The column does have the usual Booker hallmarks – the account provided by a single source, the cosying up to the President of the Family Division as being the only person who is trying to put things right, his habit as a ‘journalist’ of confusing making an argument with simply putting words in quotation marks to show his contempt for them,  his misunderstanding of many basic legal principles, and his unappealing habit of throwing the Judge’s first name around like confetti  – I imagine this is done to belittle them and diminish respect for them.
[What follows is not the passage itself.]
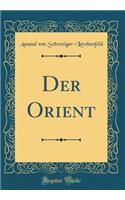 Der Orient (Classic Reprint)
It is a cheap shot.

 

It still surprises me, though it really shouldn’t after all this time, that when there is a Court case where the Judge actually uncovers the sort of dark dealings by social workers or a cock-up or mistake by professionals that led to children being wrongly separated from families, Booker is always silent.  Where are his columns on Al Alas Wray, on the foster carer who used racially abusive language to the mother, on the mother who wasn’t told for six months that whilst she’d been in a hospital having mental health treatment that social workers had taken the child away from the neighbours she’d left them with, on the Hampshire case from last week?

There are genuine scandals that happen in family Courts – appeal Courts showing why less senior Judges had made mistakes or had not been fair, Circuit Judges uncovering wrong-doing or errors or even conspiracies involving lying to the Court. They do happen – you’d be a fool to say that they didn’t.  And maybe those uncovered cases are the tip of the iceberg, and it is right for journalists applying the usual codes of practice that govern journalism to dig and investigate and bring them into the light. I’ve no problem at all with a journalist attacking the system and wanting to reform it. But if you were a columnist crusading for reform of the family justice system, why wouldn’t you be interested in writing about these cases where the facts absolutely demonstrate that there had been something rotten in the State of Denmark? They aren’t conspiracy theories, they are facts.

I’d welcome a column from Booker on the Hampshire case – it deserves attention, he’s a ‘journalist’, he’s angry about social work corruption and bad practice – he’s a good person to write the story.

 

Note to Ian from Forced Adoption – I am sure that you can give me and other readers chapter and verse on the background to this column. Please don’t.  I’ll read it from the Judge who heard both sides of the story rather than just one. Perhaps the Judge still got it wrong, people are only human, but I do think that hearing both sides doesn’t half give you an advantage before reaching a conclusion.

 

As ever, if I read the reported judgment and it shows that Mr Booker is factually correct in the substance of his claims, I will let you all know.  (I haven’t had to do that in four years of running the blog and checking Mr Booker’s reports of dire misdeeds against the actual judgments, but there’s always a first time).  Equally, if I think that the reported judgment shows that mistakes were made or that those involved were treated badly, I’ll say so.  I ran stories on Al Alas Wray, on the foster carer who used racially abusive language to the mother, on the section 20 abuses, on the Hampshire case where social workers lied, and sadly I think that I’ll have to run similar cases in the future. But I show the readers where my source comes from, and they are free to read that source for themselves and reach their own conclusions.